Београдска индустрија пива
|Founded||21 October 1998(Current form) |
Bulevar Vojvode Putnika 5, Belgrade,
|Miroljub Cicmil (Trustee)|
|Products||Beers, soft drinks, vinegar and yeast|
|Revenue||€2.27 million (2017)|
|€0.38 million (2017)|
|Total assets||€22.64 million (2017)|
|Total equity||€5.43 million (2017)|
|Owner||Privatization Agency (51.9%)|
Number of employees
|Footnotes / references|
Business ID: 07013710
Tax ID: 100000856 
Beogradska industrija piva (abbr. BIP; full legal name: Beogradska industrija piva, slada i bezalkoholnih pića a.d. Beograd) is a Serbian brewery, which declared bankruptcy in September 2015. It has a headquarters in Belgrade, Serbia.
In addition to a range of beers, the brewery produces soft drinks, vinegar, and yeast.
The brewery was founded in 1839, although it operates under current name Beogradska industrija Piva since January 1963. BIP's 1839 predecessor was founded by the Czech miller expert Johan Weinhappl from Sremska Mitrovica. It was a manufacture for cooking of the "barley juice". The brewery complex in the neighborhood of Mostar, part of Senjak, was completed in 1880. Owner of the factory, until his death in 1937, was industrialist Đorđe Vajfert. The brewery was then inherited by his nephew Fernand Gamberg. The factory was damaged in both World Wars. After the Communist takeover in 1945, it was nationalized and repaired as the "7th of July" factory. On 23 January 1963, it merged into the Belgrade Beer Industry (BIP), together with the "Brewery Belgrade" (former "Bajloni Brewery" in Skadarlija) and "Bezalko" company.
The malting section became operational in 1965 and was the only brewery in Serbia which produced malt. "Golden age" of the brewery were the 1970s. By the mid of the decade, the factory was brewing 1.5 million hectoliters per year, covering over one quarter of the market in the entire Yugoslavia. It was invested into the most modern equipment, including the Siemens control board which at that time only existed in NASA. After the collapse of the federal state in the early 1990s, the situation in the company worsened. It was especially hit after the major fire in the factory in 1997. Public bidding for the sale of the company in 2004 failed.

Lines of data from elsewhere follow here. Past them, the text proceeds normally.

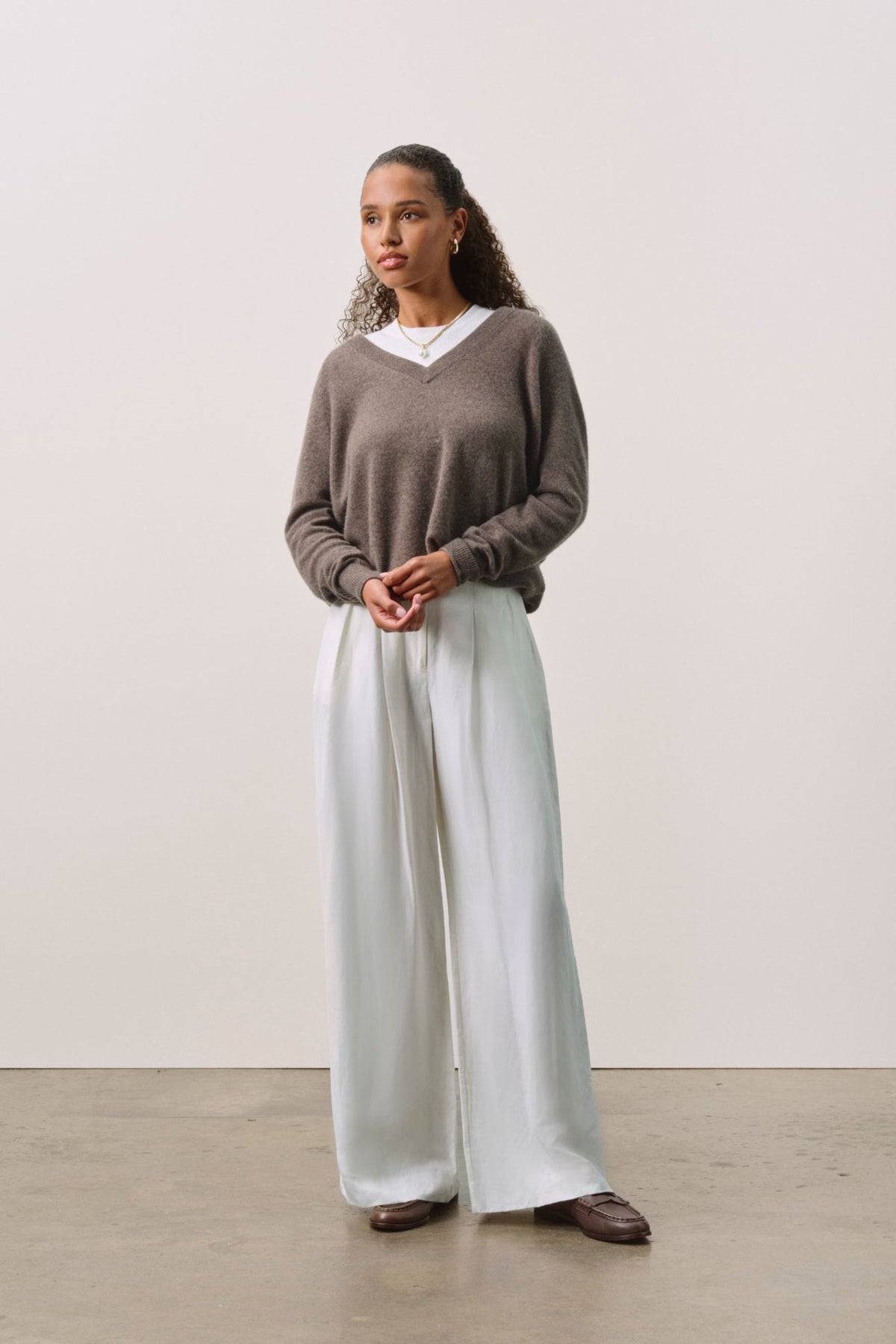 HARLYN CASHMERE V-NECK SWEATER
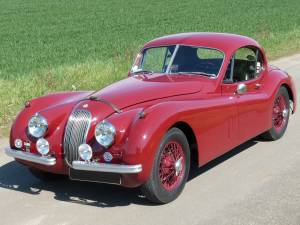 Immagine 2/18 di Jaguar XK 120 FHC (1952)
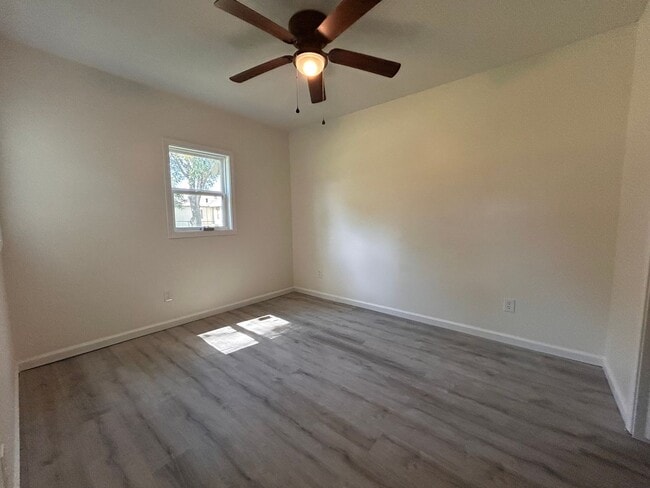 Building Photo - Renovated 3 Bed 1 Bath Home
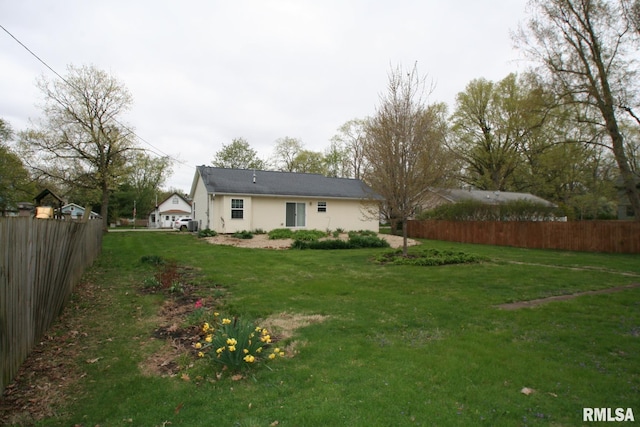 406 N Minier Ave, Minier, IL 61759 - view of yard featuring fence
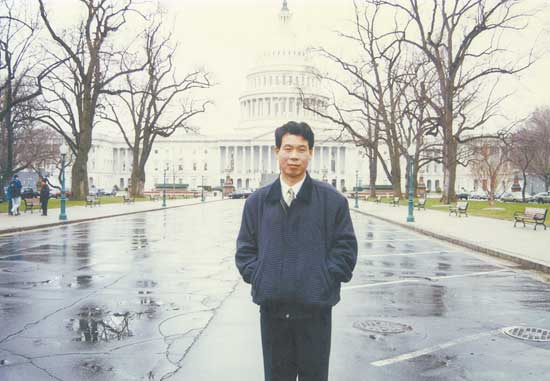 史书民在美国留念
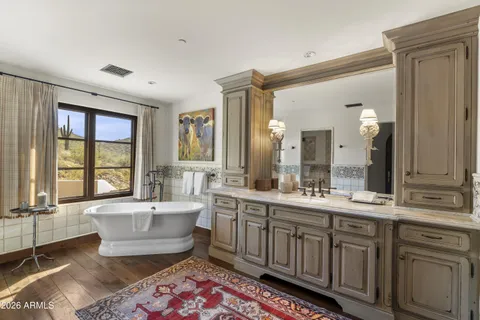 $18,900,000 | 10719 East Rimrock Drive, Scottsdale, AZ 85255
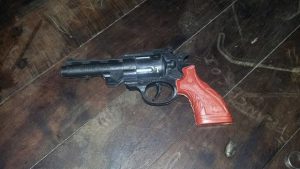 revolver-replica-robo-Dominico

In another attempt, in July 2007, the factory was sold to the Swedish-Lithuanian consortium. The consortium consisted of "United Nordic Beverages AB" and Alita for €26.5 million, for the 52% of the factory. In February 2010, the privatization was terminated, due to non-fulfillment of investment obligations. They clauses included not investing the additional €5.1 million, not buying off the rest of the shares and not paying the taxes. The consortium also administered the properties contrary to the contract: they sold the offshoot factories in the neighborhood of Krnjača and the town of Čačak and even pawned the company's brand for a credit of €1.1 million, without consulting the administrative board. In October 2012, Privatization Agency of Serbia announced that it had won the case against the former owners, meaning they will have to pay €17 million in the name of compensation.
The malting section was repaired and became operational again. In 2014, the products of the factory were beer (80%), kvass (10%(, soft drinks (5%) and vinegar (5%). Still, the brewery entered the bankruptcy proceedings in September 2015, and officially went bankrupt in the early 2016.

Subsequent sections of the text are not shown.